For Larger Givers: Donate Highly Appreciated Assets From Taxable Accounts
For retirees who have substantial non-IRA assets--taxable assets that would otherwise be subject to capital gains tax upon sale--gifting such assets to charity during your lifetime can confer multiple benefits, tax and otherwise. First and foremost, the charity receives the full benefit of the amount gifted--it won't owe tax--and you can deduct the charitable contribution on your tax return. (In 2021, individuals can deduct charitable contributions of up to 100% of their adjusted gross incomes, but certain limitations apply; get some tax help if you're making a very large gift.) And if the assets have appreciated sharply since purchase, the charitable gift effectively washes out your own tax liability while also reducing risk in your portfolio.
You can give the assets directly to charity or use a donor-advised fund; donor-advised funds can often accept less liquid securities that charities aren't well equipped to handle. Just be sure to mind the fees of donor-advised funds: My colleague Amy Arnott took a worthwhile spin through the major donor-advised funds in a series that included Vanguard Charitable, Schwab Charitable, and Fidelity Charitable Gift.

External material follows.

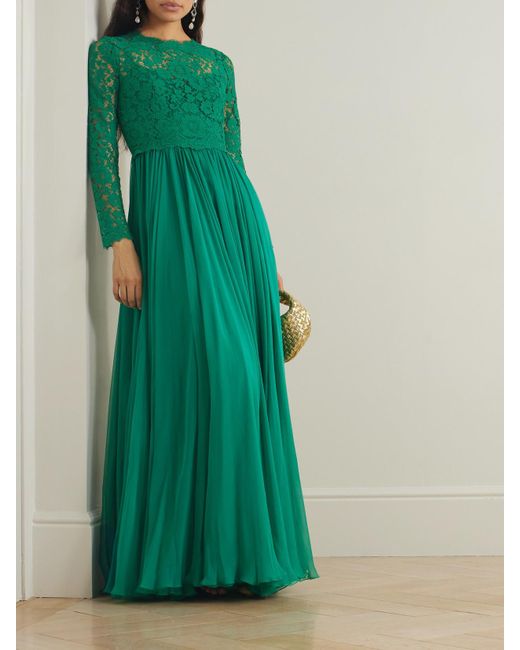 Dolce & Gabbana Green Silk-Blend Lace And Pleated Chiffon Gown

Note that I have this in the "for large givers" section, but this isn't just a worthwhile strategy for Range Rover types. People with smaller portfolios might also have highly appreciated taxable positions, especially in employer stock. In such instances, charitable gifts make an ideal way to give to charity, receive a tax break, and reduce risk in your portfolio. Retirees who wouldn't normally be itemizers may be able to "bunch" other deductions onto their tax return for the year in which they make the large charitable gift--for example, expensive elective dental procedures. That strategy can help them get the most bang for their deductions in the itemization year.